父親是公務員,母親在醫院工作,一個畢業於985院校的24歲男孩,白天在父母上班後就自己點外賣,大部分時間在家裡躺著,打打遊戲,上上網,8個多月不工作,不社交。在豆瓣的一些小組裡,有大量像這樣中產家庭出身、畢業於重點學校,卻在屋裡閒散度日的年輕人,分享自己的經歷。

有些人乾脆離開家鄉,蹲在大城市的出租屋裡,他們不愁吃穿,之前攢了一點,父母偶爾也給一些。去年《半月談》的一篇報導稱,原本標誌性出現在一線城市的‌‌「蹲族‌‌」,已在二三線城市蔓延開。很多人說他們是一手好牌,打得稀爛,不努力不上進,吃飽了沒事幹,‌‌「餓他幾天肚子的話,他肯定不會這樣子了‌‌」。

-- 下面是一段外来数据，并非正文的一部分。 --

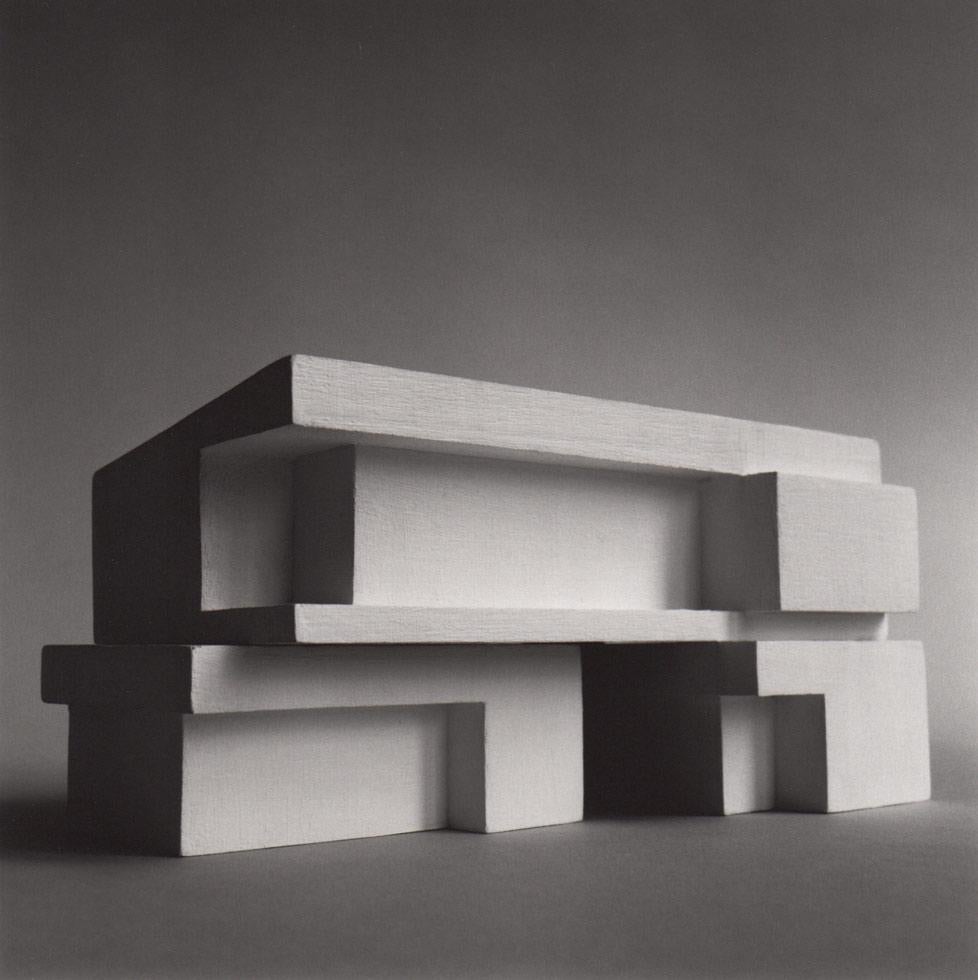 Ion Zupcu Black and White Photograph – Modern Moderner moderner Vorbereitungsbau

南京大學高等教育學博士生鞠法勝所在的團隊,在這些小組裡進行了半年的參與式觀察,他和同伴收集了大量樣本資料,又找了8人進行長時間的詳細訪談。鞠法勝想了解這些年輕人的真實生活和經歷,看看到底是什麼原因讓他們成為了這樣,‌‌「並且僅從個體身上找原因的話,就很容易忽略掉一些結構性的東西。‌‌」

以下內容根據鞠法勝的講述及論文等相關資料整理。

‌‌「應該允許有人停一停,歇一歇‌‌

想做這個研究,起因是去年看到《半月談》關於‌‌「蹲族‌‌」的那一期雜誌,覺得這個群體好像有點悖論——重點大學畢業,家庭出身不錯,占據了更好的資源,除個例外,它似乎就預示著一份還不錯的工作和前途。但當時看了一下豆瓣的幾個‌‌「蹲族‌‌」小組,加起來有七八萬人,數量挺多的。

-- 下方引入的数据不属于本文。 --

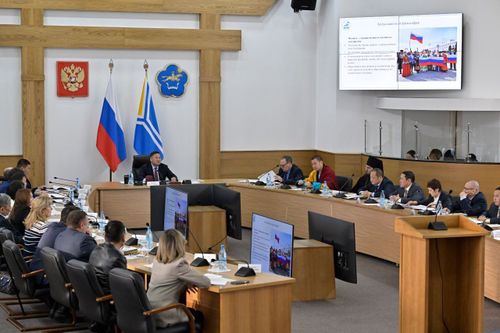 В Правительстве Тувы прошло заседание Совета по сохранению и укреплению традиционных российских духовно-нравственных ценностей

有個訪談對象,去年5月聊的時候他24歲,從985大學畢業後,大概已經在家裡8個多月沒有工作。畢業後他也試著找過工作,但要麼不喜歡,要麼喜歡的沒有通過。他說自己想做點有意義的東西,不喜歡的工作那肯定不要做,如果再趕上加班,那就像服刑一樣。

他父親是公務員,母親是護士,白天他們上班後,他就自己點外賣,大部分時間都在家裡躺著,打打遊戲,上上網。他也看書,考公相關的,他說自己在準備公務員考試,但也坦誠自己考不上,其實就是這麼跟家裡說。

不然親戚們總問在家幹嘛,父母也會‌‌「甩臉子‌‌」,總說別人家的孩子工作怎麼樣。後來他就說打算考公,父母的態度很快變好了,還告訴他別太累,要適當放鬆。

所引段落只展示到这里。